The dispute centers around the name SMASHBURGER. Icon began its SMASHBURGER restaurant chain in June 2007 and now has locations in major urban cities in 16 states (including right here in Las Vegas). Icon holds trademark registrations for the SMASHBURGER word mark and design mark (pictured above) in connection with restaurant services.
Dairy Cheer operates four soft-serve ice cream stands/fast food restaurants in the State of Kentucky under the name “Dairy Cheer” – the name came from the fact that the first restaurant opened by Dairy Cheer was a former “Dairy Queen” restaurant that was rebranded “Dairy Queen.” Specifically, Dairy Cheer restaurants are located in the rural areas of Pikeville, Carlisle, West Liberty and Prestonsburg, Kentucky.

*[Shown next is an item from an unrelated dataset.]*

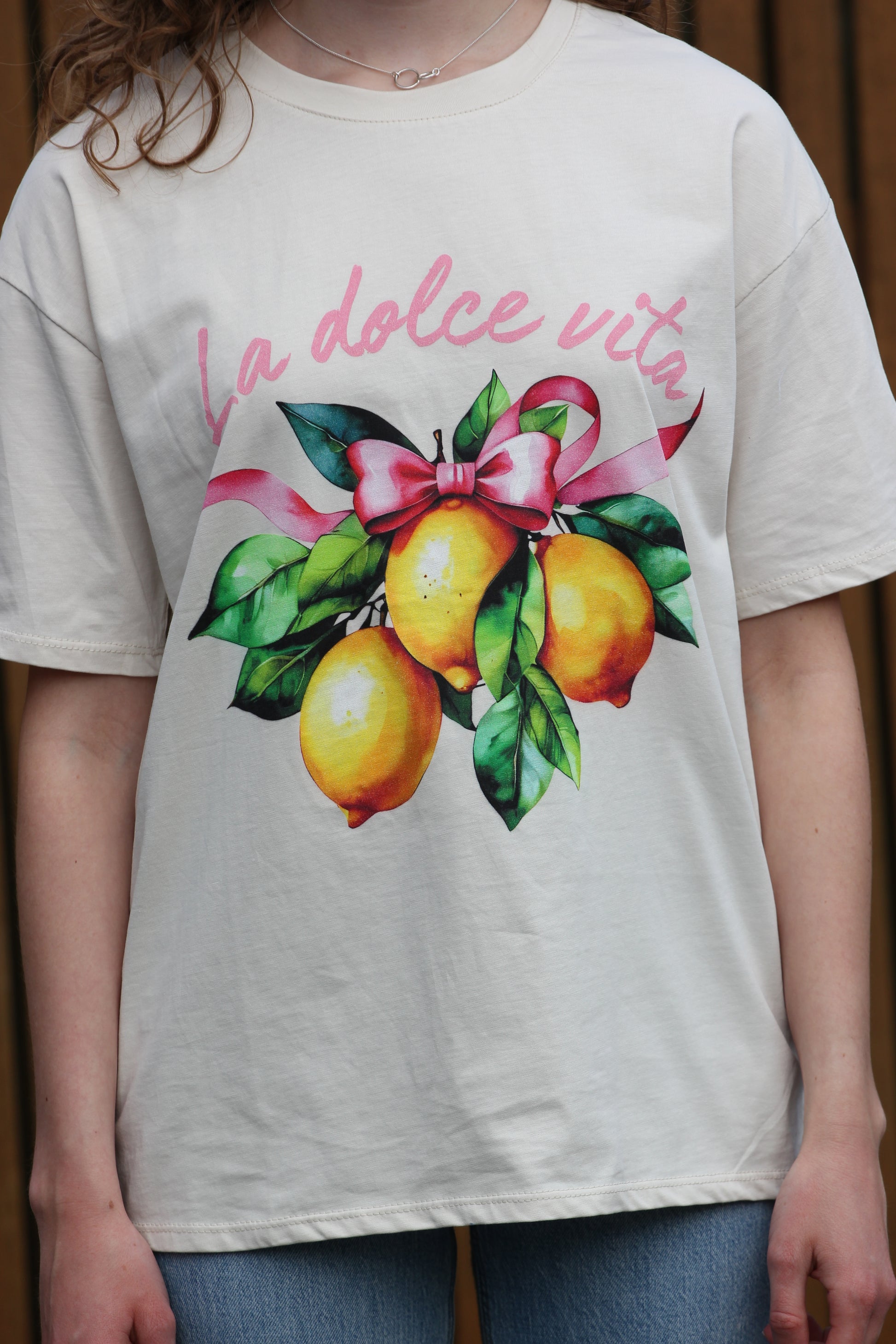 Shirt La dolce vita Sofia | Beige met citroenenprint en roze strik - Iristra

Relevant to the instant dispute is that part of Dairy Cheer’s storefront signage for its restaurants states “Home of the Smashburger” – with “Smashburger” identifying one of Dairy Cheer’s menu items.
What prompted the dispute is that Icon notified Dairy Cheer earlier this year about its plans to open a “Smashburger” store in Lexington, Kentucky. Not surprisingly, Dairy Cheer, recognizing that it did have some limited prior user rights to the name “Smashburger,” saw this as an opportunity to get a big windfall from a nationwide company with deep pockets that was eager to use the name for a Kentucky-based location. According to the complaint, representatives of Dairy Cheer demanded a “substantial monetary payment” from Icon to settle the dispute over Icon’s Lexington SMASHBURGER location.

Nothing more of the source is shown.